Exercise prompt »
Exclude the pictures and set down, unaltered, the lines from the one that holds "kitchen with ornamental" through the end of the data.

Records shown »
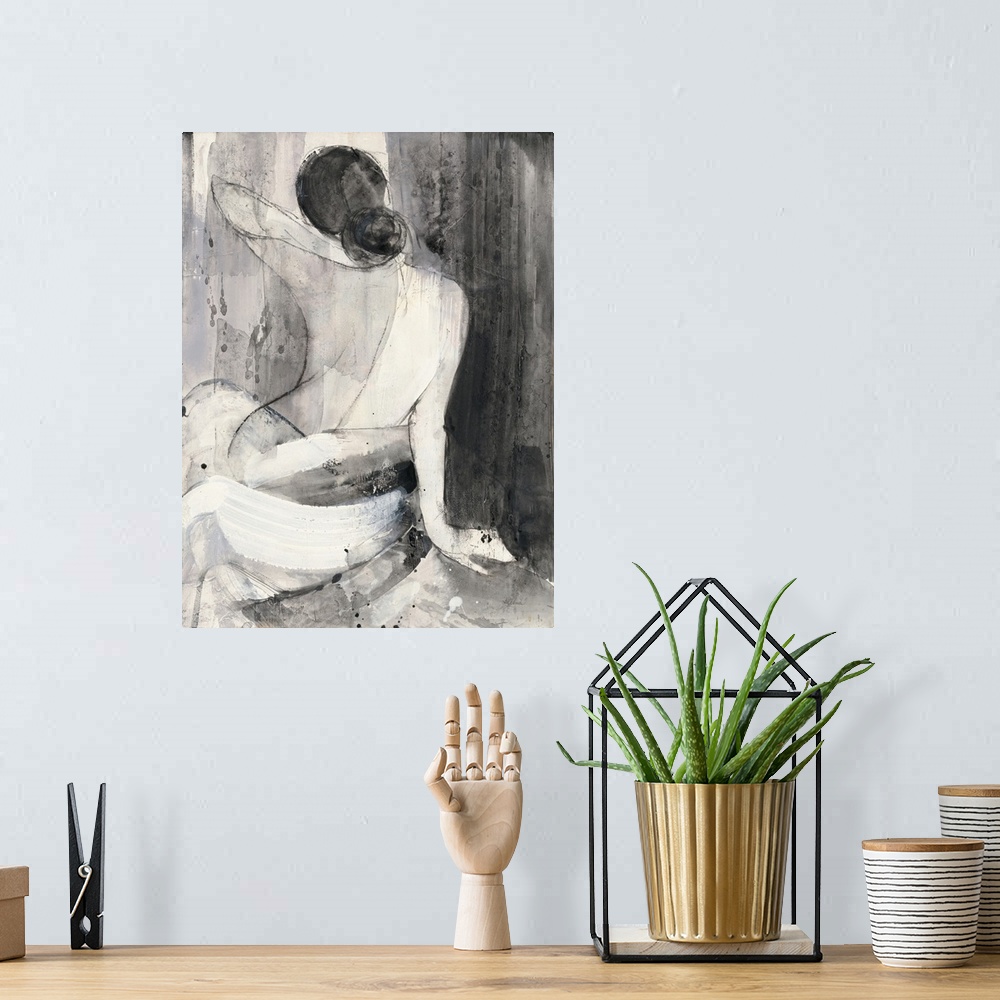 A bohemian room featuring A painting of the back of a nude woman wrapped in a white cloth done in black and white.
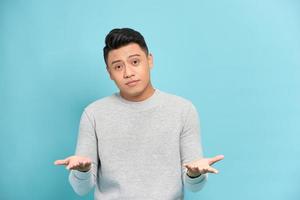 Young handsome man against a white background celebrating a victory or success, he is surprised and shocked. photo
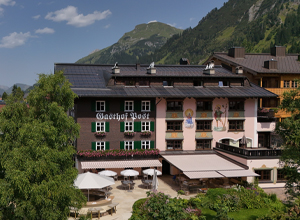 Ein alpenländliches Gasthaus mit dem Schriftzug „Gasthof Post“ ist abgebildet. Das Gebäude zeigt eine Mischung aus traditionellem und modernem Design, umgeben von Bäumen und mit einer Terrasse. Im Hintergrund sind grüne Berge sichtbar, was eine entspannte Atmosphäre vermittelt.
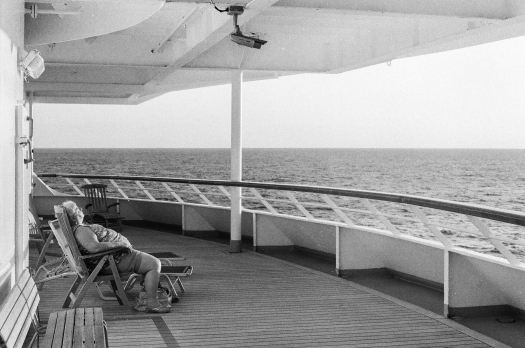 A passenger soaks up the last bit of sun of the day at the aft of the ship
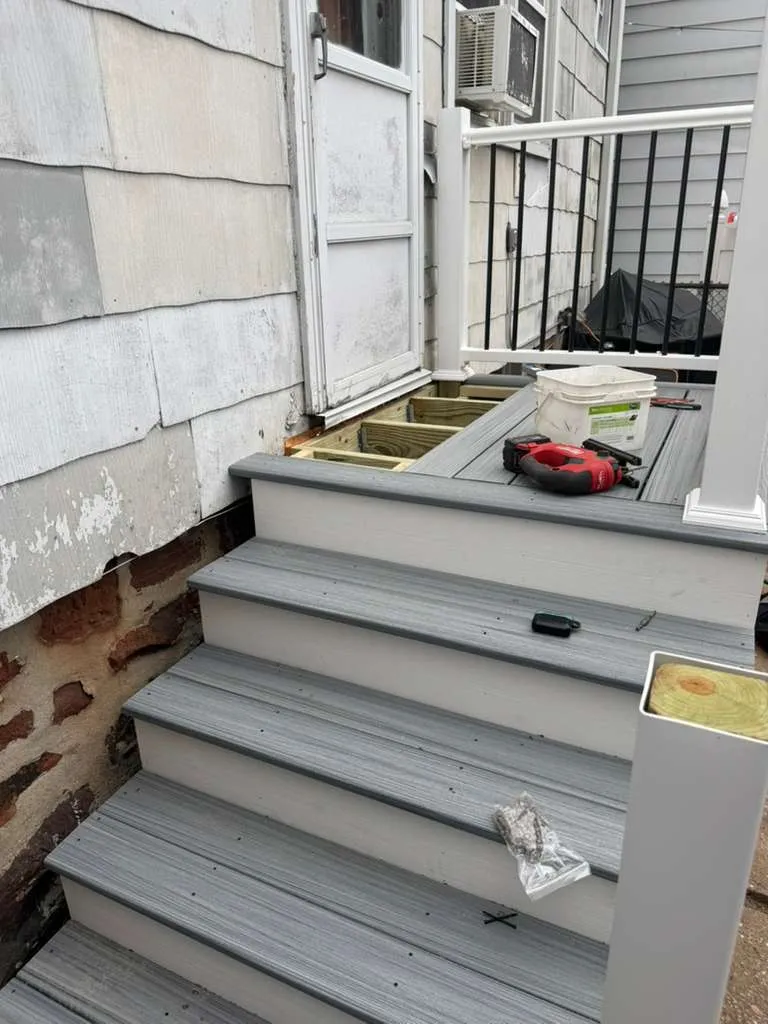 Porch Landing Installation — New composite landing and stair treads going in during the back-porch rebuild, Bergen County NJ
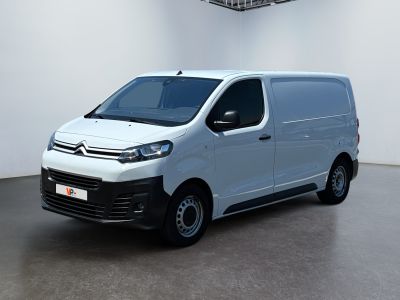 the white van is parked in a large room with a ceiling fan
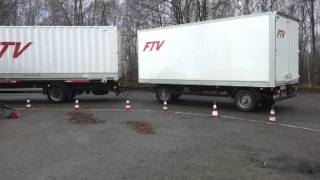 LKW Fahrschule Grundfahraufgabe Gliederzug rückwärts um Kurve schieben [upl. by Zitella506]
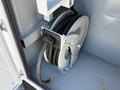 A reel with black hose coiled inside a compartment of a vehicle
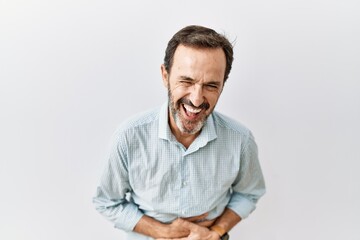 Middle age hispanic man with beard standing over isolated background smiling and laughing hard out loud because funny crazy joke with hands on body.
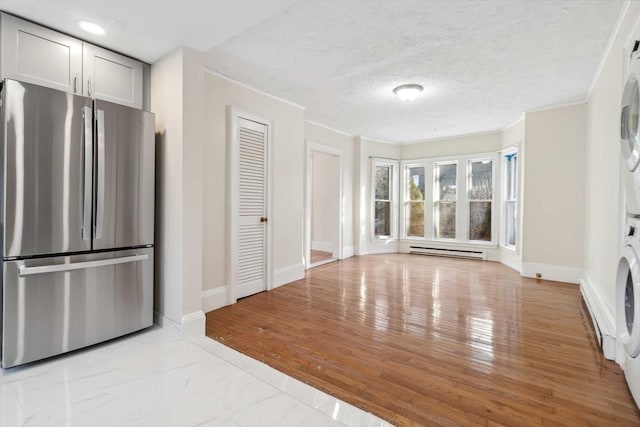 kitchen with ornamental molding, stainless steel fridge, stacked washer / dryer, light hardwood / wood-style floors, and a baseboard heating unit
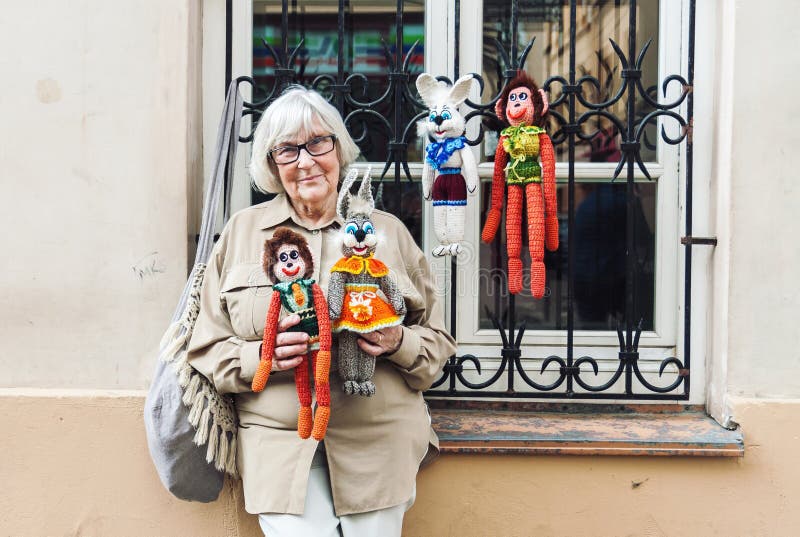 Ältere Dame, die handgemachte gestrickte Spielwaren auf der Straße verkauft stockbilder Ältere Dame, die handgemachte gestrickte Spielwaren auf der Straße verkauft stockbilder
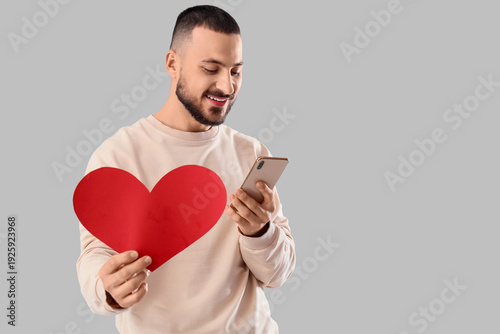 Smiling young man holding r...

Exercise answer »
 kitchen with ornamental molding, stainless steel fridge, stacked washer / dryer, light hardwood / wood-style floors, and a baseboard heating unit
 Ältere Dame, die handgemachte gestrickte Spielwaren auf der Straße verkauft stockbilder Ältere Dame, die handgemachte gestrickte Spielwaren auf der Straße verkauft stockbilder
 Smiling young man holding r...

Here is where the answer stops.